Modelling Convection-Diffusion Phenomena by Direct and Indirect Meshless Methods
Abstract
Time-dependent convection-diffusion problems, prevalent in science and engineering, present significant analytical challenges. The limitations of traditional mesh-based numerical methods necessitate alternative approaches. Meshless methods emerge as a pivotal solution, offering precision where conventional techniques falter. This research centers on applying meshless methods to such problems, emphasizing their critical role in accurately modelling complex phenomena across various applications. Methodologically, the research compares two specific meshless methods: the Direct method and the Indirect method. Both methods are implemented using the multiquadric radial basis function within a global collocation framework. The Direct method is derivative-based, while Indirect adopts an integration-based approach.
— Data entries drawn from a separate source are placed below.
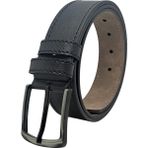 Genuine Leather Company Eds Erkek Siyah Spor Kemer - 120 cm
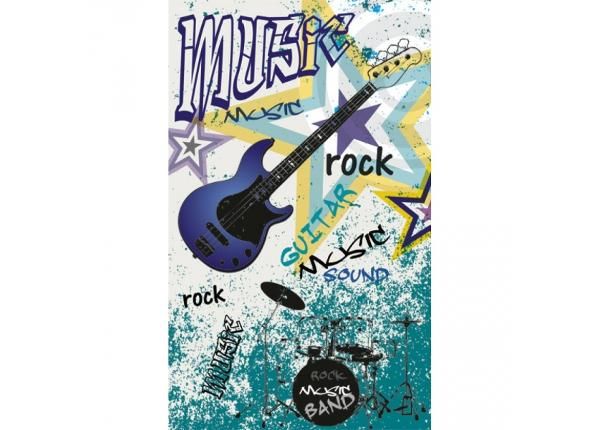 Non-woven kuvatapetti Blue guitar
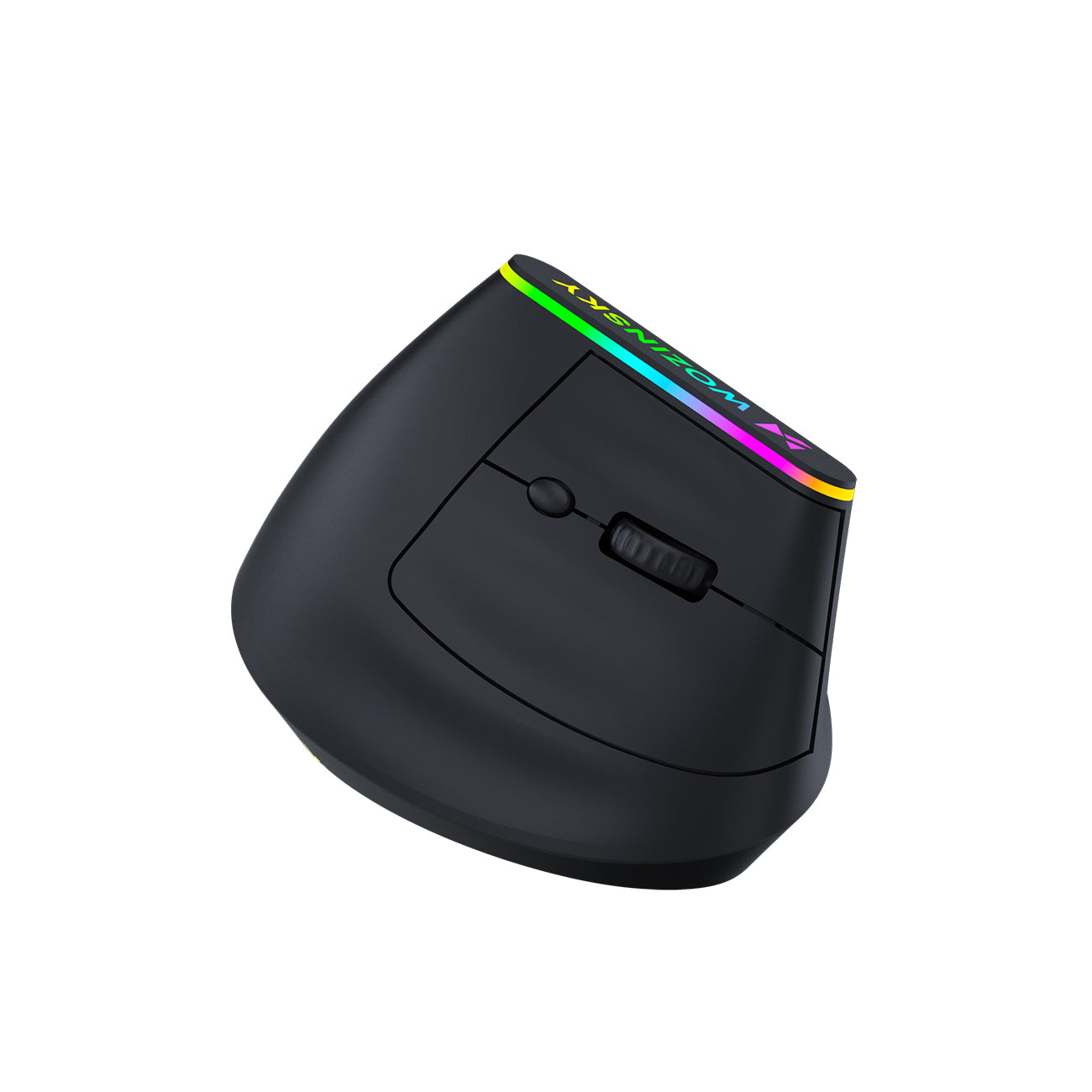 Wozinsky WMG-1164 Belaidis Vertikalus Ergonominis Žaidimų Pelė 3600 DPI su RGB Apšvietimu - Juoda -- Gaming Accessories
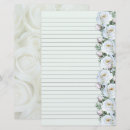 Search for rose stationery paper White roses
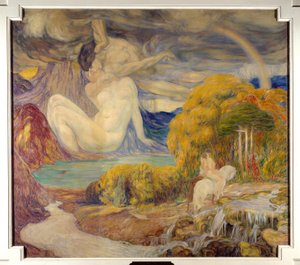 Helene Dufau (1869-1939) 20 世纪巴黎的放射性、磁性绘画。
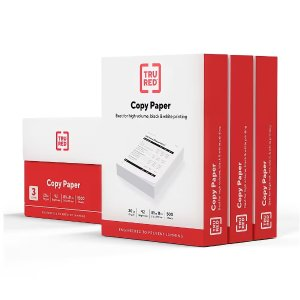 TRU RED™ 8.5" x 11" Copy Paper, 500 Sheets/Ream, 3 Reams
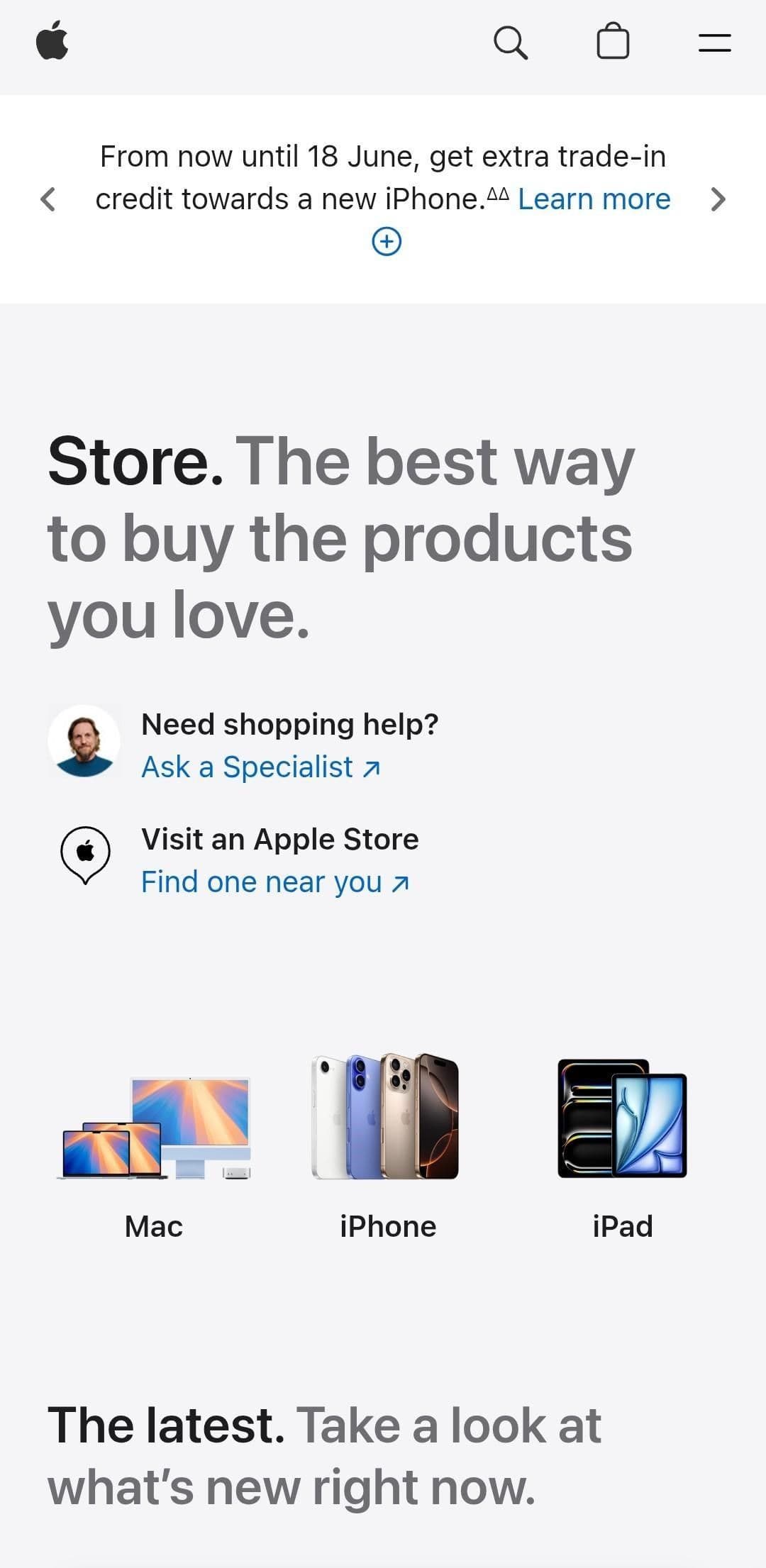 Visit the Apple Store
The comparison is conducted over four different test cases, which are designed to assess the sensitivity of Direct and Indirect to the multiquadric shape parameter and node density, their effectiveness under varying convection forces, and their computational efficiency.The findings of the study are twofold. Firstly, the Direct method exhibits superior accuracy overall, particularly in scenarios with intense convection and in capturing boundary layers characterized by steep flow variable gradients. Secondly, the Indirect method demonstrates notable computational efficiency, requiring approximately half the computational time needed by the Direct method. However, this efficiency comes with a trade-off in accuracy, particularly under conditions of high convection. The research concludes that the choice between the Direct and Indirect methods should be based on the specific demands of the problem, considering factors such as the desired level of accuracy, available computational resources, and the complexity of the scenario. This study offers valuable insights for professionals in fields like environmental science and pollution control, aiding in the selection of the most suitable meshless method for effectively tackling convection-diffusion challenges.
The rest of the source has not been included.